China’s top electric vehicle (EV) automaker, BYD, is considering an investment in India. However, the Chinese EV automaker waits for the Indian government to ease strict investment rules on Chinese businesses.
“The ambition is always there, but you need a lot of other things. (We) don’t have any direct signal. We do hope things will become a little better. That is the time we would definitely like to think a little more on this subject,” said Rajeev Chauhan, BYD Head of Passenger EVS in India.
Due to India’s stringent investment rules on Chinese companies, BYD’s competitor, Great Wall Motor, has postponed plans to invest $1 billion in the third-largest car market worldwide. As of this writing, BYD imports and sells two EVs in India: the Atto 3 SUV and the Seal sedan. The top Chinese automaker has invested $200 million in India so far. It wishes to invest more as India is a rapidly expanding car market.
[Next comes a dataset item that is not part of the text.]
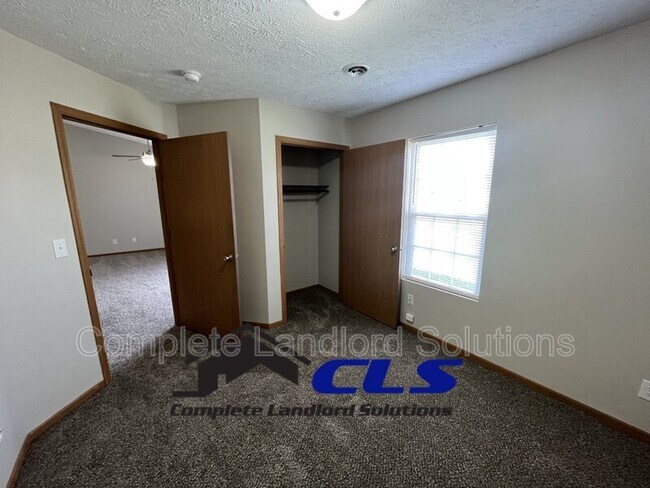 Building Photo - 558 College Ave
“There are a lot of players in the mass segment and quite a few players in the luxury segment. The premium segment, that’s where we are trying to reach and position. This is a space where we feel we belong, our cars belong,” Chauhan told Reuters.
BYD’s plans to invest in India go against advice from China’s Ministry of Commerce. In July, the Chinese government told local automakers, including BYD, SAIC, and GEELY, to avoid investing in India. It also strongly advised against investments in Russia and Turkey.
Besides India, BYD has shown interest in building a facility in Mexico. The company also reportedly has plans to enter Canada’s auto market despite the country’s 100% tariff on EV imports made in China.